Tunisie-FMI : La Tunisie émerge du lot, mais l’emploi demeure le défi absolu

Pour la 2ème fois, le Fonds Monétaire International (FMI) choisit la Tunisie pour présenter son Rapport sur les perspectives régionales pour le Maghreb et le Moyen-Orient. Le ton y est nettement moins injonctif et la démarche moins prescriptive, voire flexible, ce qui n’a pas manqué de surprendre jusques et y compris ceux dont le métier est de traiter avec cette institution financière internationale.

Faut-il mettre cette nouvelle ligne sur le compte de la crise, pour ne pas ajouter aux déboires de ceux qui la subissent ou bien à l’actif de la nouvelle direction générale du FMI ? En tout cas, le Directeur adjoint du Département Moyen-Orient et Asie centrale, Amor Tahari, tout en acquiesçant que c’est le cas, a affirmé sans convaincre grand monde, que le Fonds a vocation, depuis sa création, voici plus de 60 ans, de prodiguer à ses membres des conseils et des recommandations.
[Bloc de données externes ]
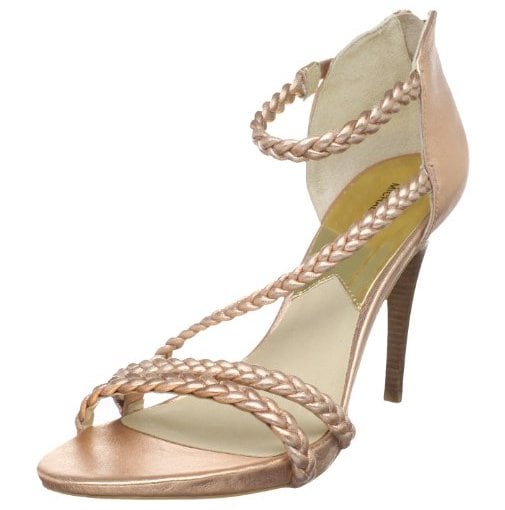 Michael Michael Kors "Alexa" Sandals in Rose Gold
Le fait est cependant que les perspectives de croissance dans les pays MENA sont manifestement moins mauvaises qu’ailleurs, notamment l’Union européenne, dans la mesure où le taux de croissance dans tous les pays qui composent ce groupe est positif, c'est-à-dire au-dessus de zéro, variant pour 2009 entre 1,1 % et 4,4%. C’est particulièrement le cas de la Tunisie où le taux de croissance du PIB attendu cette année est de 3,3% pour remonter à 3,8% en 2010, devancée uniquement par le Maroc avec 4,4% en 2009 et 2010. Dans ces deux pays, ce taux pourrait s’améliorer à la faveur d’une récolte exceptionnelle cette année. Le responsable du Fmi, qui se trouve en Tunisie à la tête d’une délégation du Fonds également , pour une mission au titre de l’Article IV, s’est gardé d’en dire davantage , en attendant la publication des conclusions de la mission, mais il a été aisé de comprendre que le taux prévu devrait être révisé légèrement à la hausse même si Amor Tahari a pris soin de préciser que tout dépendra de la façon dont le plan de relance sera à terme mise en œuvre et de son impact sur l’économie tunisienne.

Il n’en demeure pas moins que le ralentissement de la croissance dans les pays non producteurs de pétrole dont fait partie la Tunisie résulte d’une baisse des exportations, des recettes du tourisme, des envois de fonds et de l’IDE, alors que dans le cas des pays exportateurs de pétrole, il est le fait notamment de la contraction des exportations de pétrole et de gaz.

Dans cette configuration, c’est l’inflation qui donne le signe le plus positif, étant la plus faible au Maghreb, notamment en Tunisie et au Maroc où le coût des importations pétrolières a nettement baissé, de même qu’en ce qui concerne le solde budgétaire au titre duquel les déficits ne pourraient qu’augmenter légèrement vu l’espace budgétaire limité.

Autres périmètres où les pays magrébins sont relativement à l’abri, l’évolution des indices boursiers dont la chute y est moins prononcé (-7%) en Tunisie et (-21%) au Maroc alors qu’elle atteint -59% en Egypte et -46% à Qatar, outre les écarts des taux souverains, lesquels se sont creusés mais restent moins élevés au Maghreb.

Néanmoins, c’est le chômage qui représente le défi le plus important puisqu‘il est prévu qu’il risque de s’intensifier. La recette du FMI est claire : il faut accélérer la création d’emplois pour ne pas aggraver le taux de chômage.

Arithmétiquement, il faut un taux de croissance de 7 à 8% au moins pour pouvoir garder la situation sous contrôle, ce qui, en l’état actuel de l’économie mondiale et régionale, s’apparente plus à l’utopie qu’à la perspective économique.
Le FMI n’en recommande pas moins de continuer de jeter les bases d’une croissance durable et la création d’emplois, de centrer les dépenses sur le renforcement de la capacité de production de l’économie, d’améliorer le climat des affaires et enfin d’accroître la capacité de résistance des institutions et des marchés financiers.